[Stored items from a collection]
-----

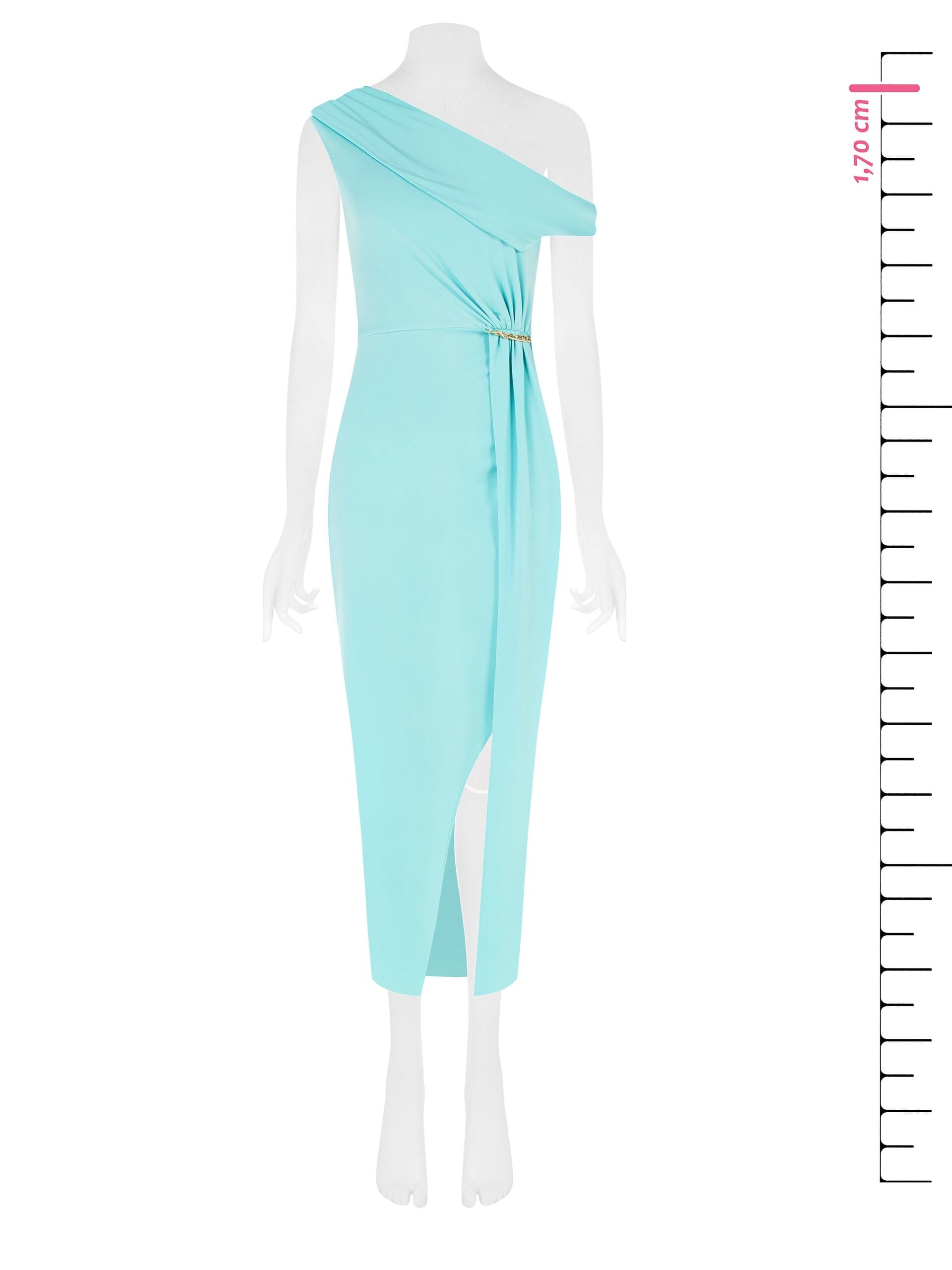 Abito Lungo Asimmetrico In Maglia Con Dettaglio Catena Rinascimento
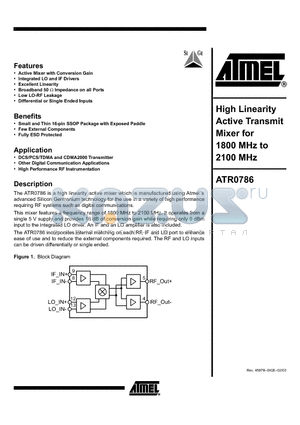 ATR0786 datasheet - High Linearity Active Transmit Mixer for 1800 MHz to 2100 MHz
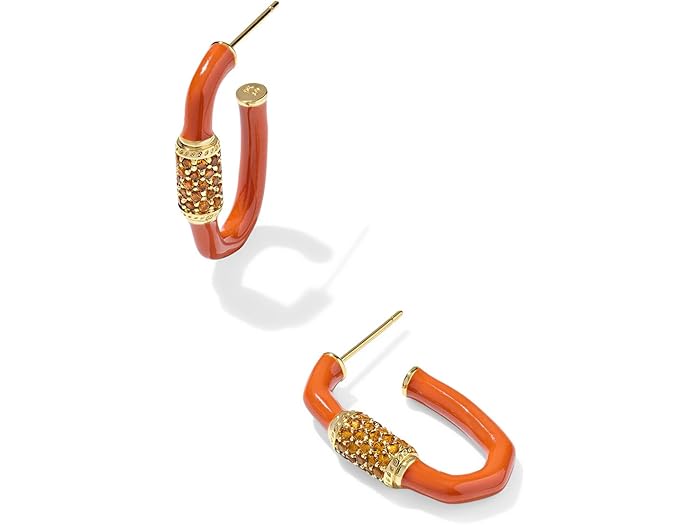 (取寄) ケンドラスコット レディース エメリー エナメル フープ イヤリングス Kendra Scott women Emery Enamel Hoop Earrings Golden Yellow Crystal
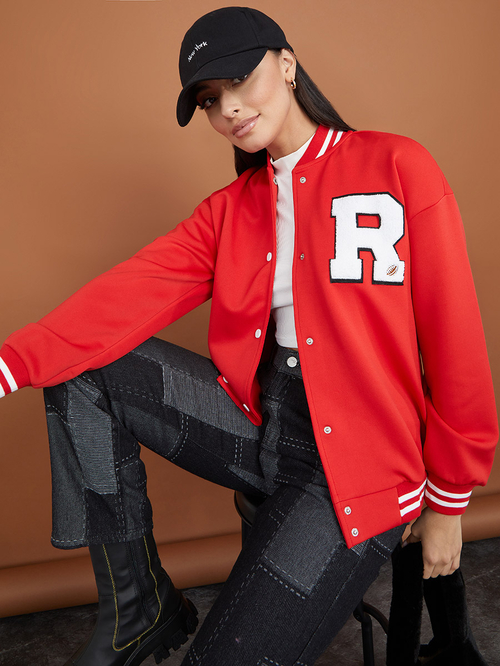 Buy Regular Length Varsity Bomber Jacket with Patch Detail Red For Women |  Styli UAE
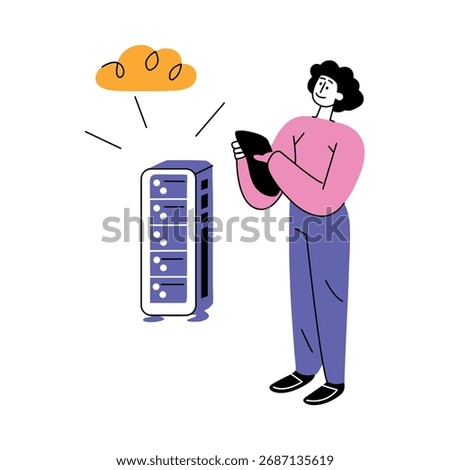 A trendy flat style illustration of server admin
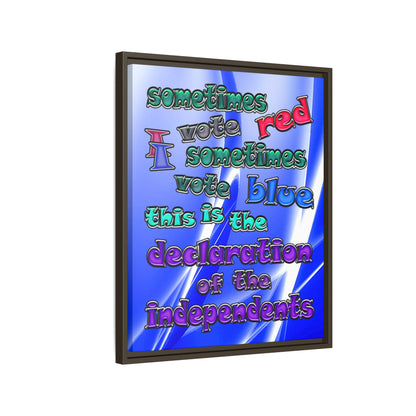 declaration of the independents - framed canvas art (blue-white wave)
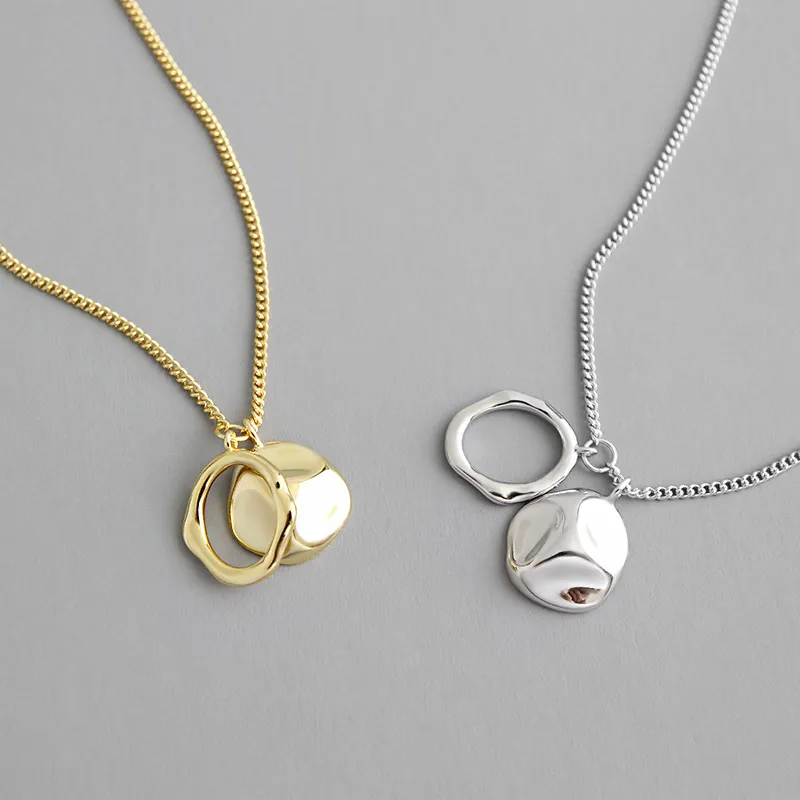 Peri'sbox Double Circle Irregular Necklaces Round Disc Hammered Necklaces for Women Minimalist 925 Sterling Silver Necklace 2020 Q0531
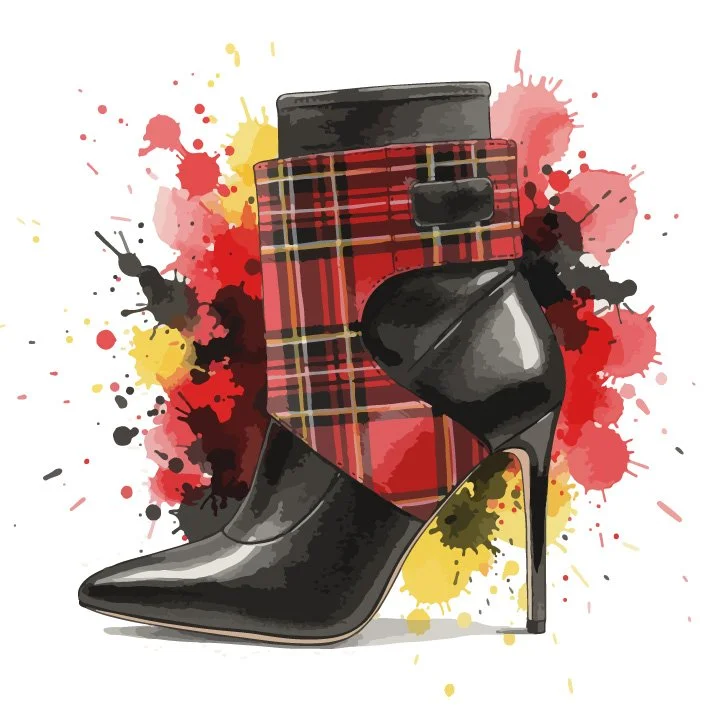 Straight from the designer’s sketchbook—a high-heeled boot that fuses glossy black patent leather with a bold red plaid overlay and sleek side zipper. Raw, rebellious, and punk at its core.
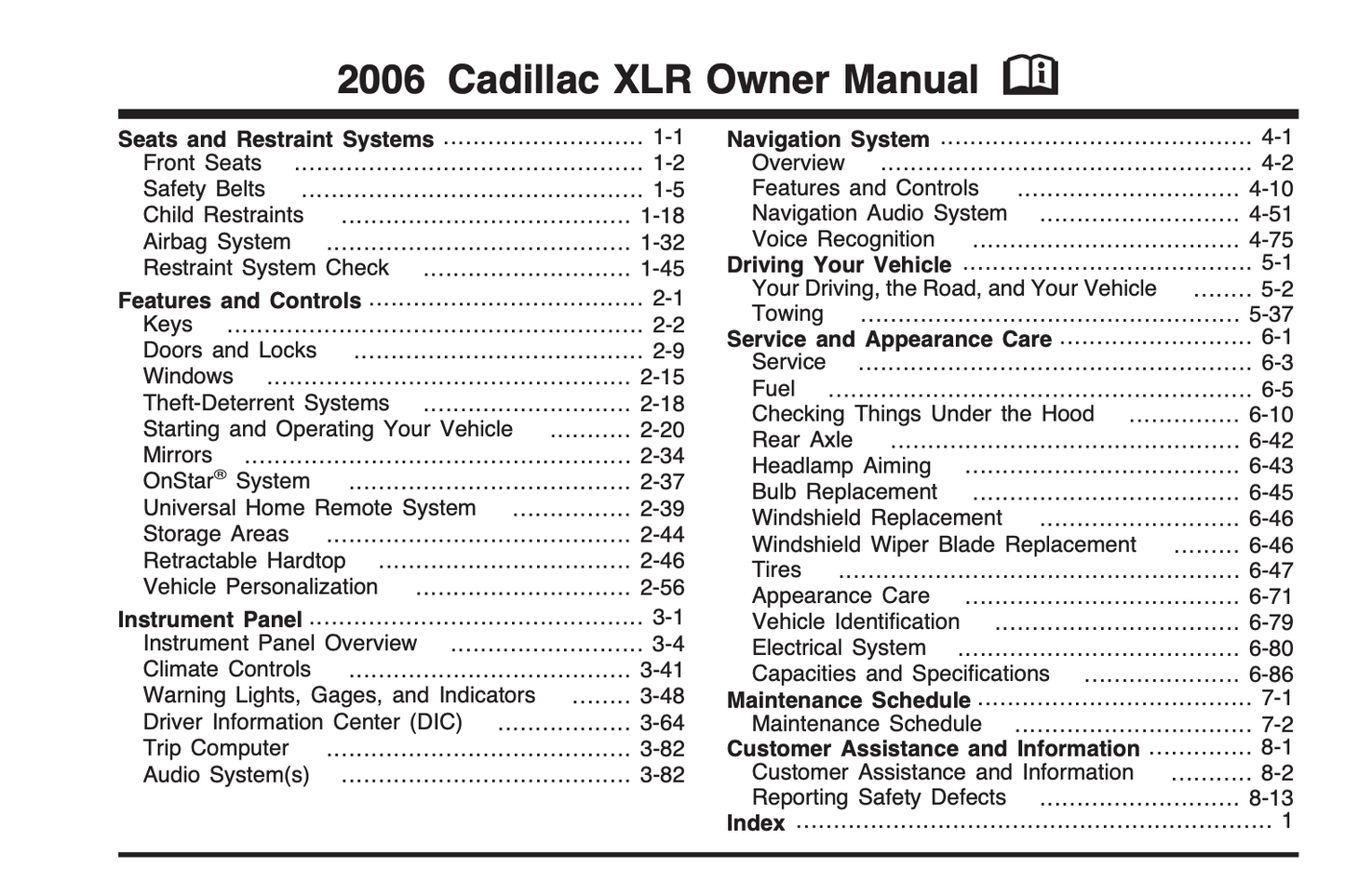 2006 Cadillac XLR Owner's Manual | English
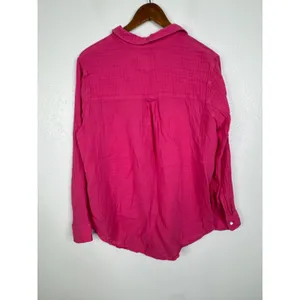 Rails Ellis Hibiscus Pink Organic Cotton‎ Gauze Button Down Shirt Large thumbnail 2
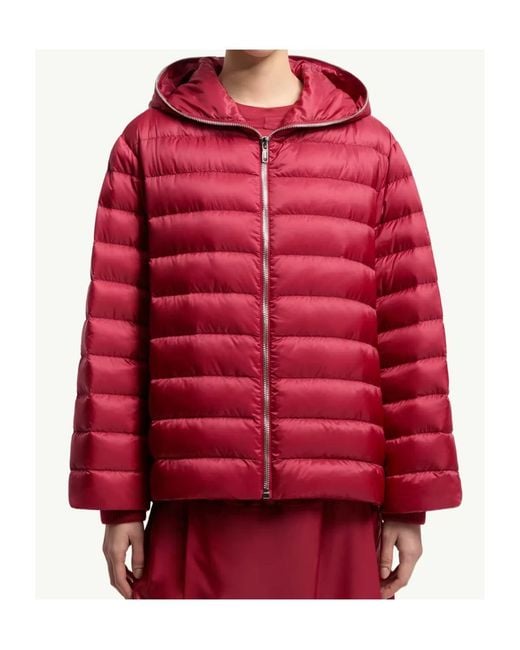 Moncler Red Moncler Rick Owens Ziplock Hooded Short Down Jacket for men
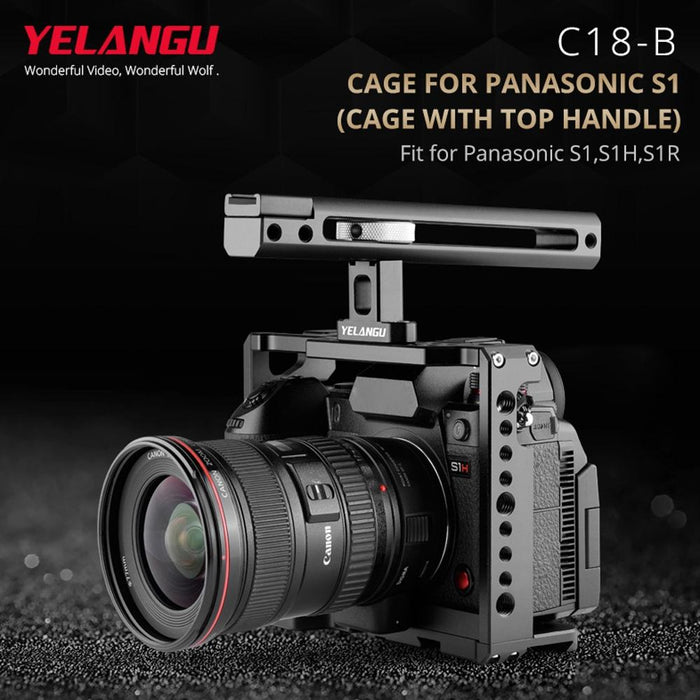 C18 Ylg0915A-B Video Camera Cage Stabilizer With Handle For Panasonic Lumix Dc-S1H / Dc-S1 / Dc-S1R Black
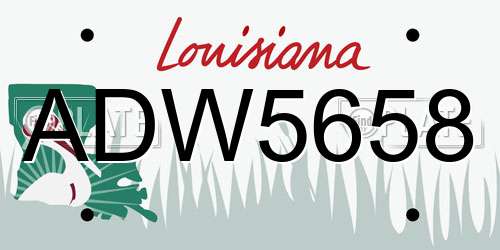 ADW5658 Louisiana License Plate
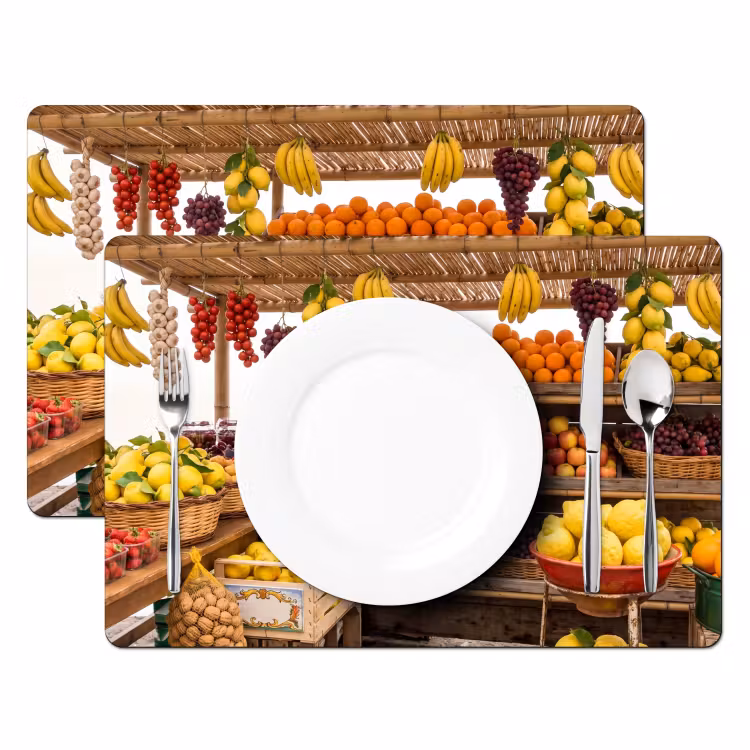 Tischset - 6 Stück - Marktstand – Obst – Frisch - Marktkraam - Fruit - Vers Placemat vinyl groot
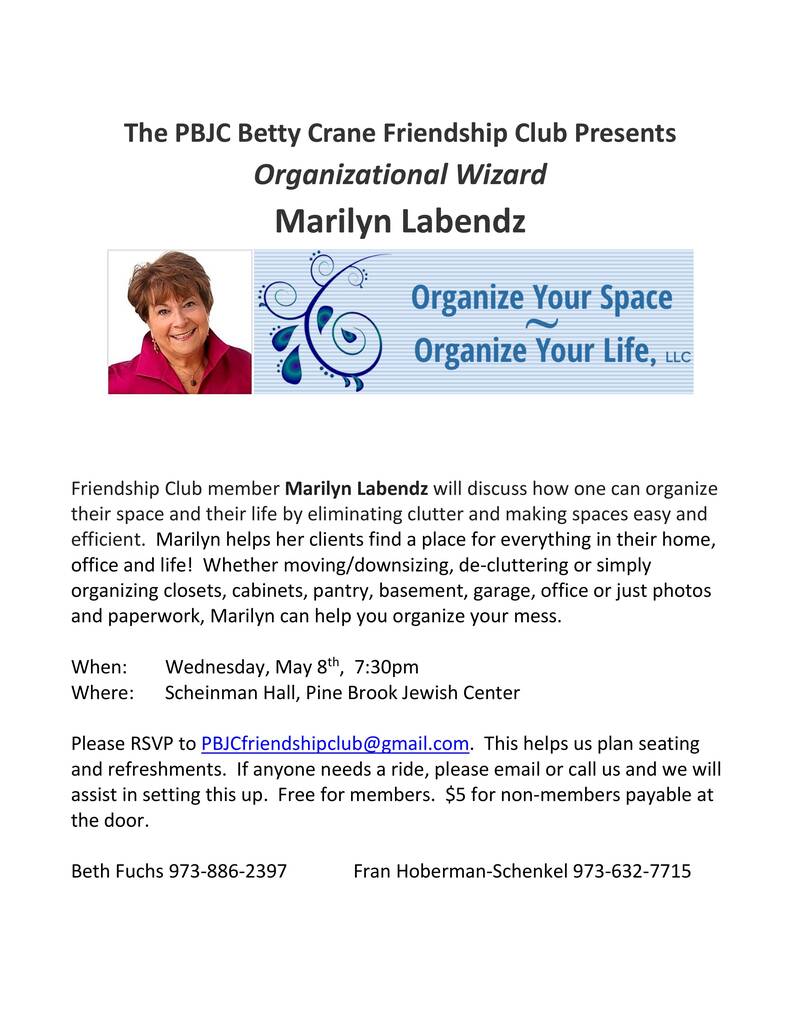 Banner Image for Friendship Club - Organizational Wizard Marilyn Labendz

-----

Please print exactly the lines from the one holding "C18 Ylg0915A-B Video" through the final line of the data above, including both, and skip all pictures.

 C18 Ylg0915A-B Video Camera Cage Stabilizer With Handle For Panasonic Lumix Dc-S1H / Dc-S1 / Dc-S1R Black
 ADW5658 Louisiana License Plate
 Tischset - 6 Stück - Marktstand – Obst – Frisch - Marktkraam - Fruit - Vers Placemat vinyl groot
 Banner Image for Friendship Club - Organizational Wizard Marilyn Labendz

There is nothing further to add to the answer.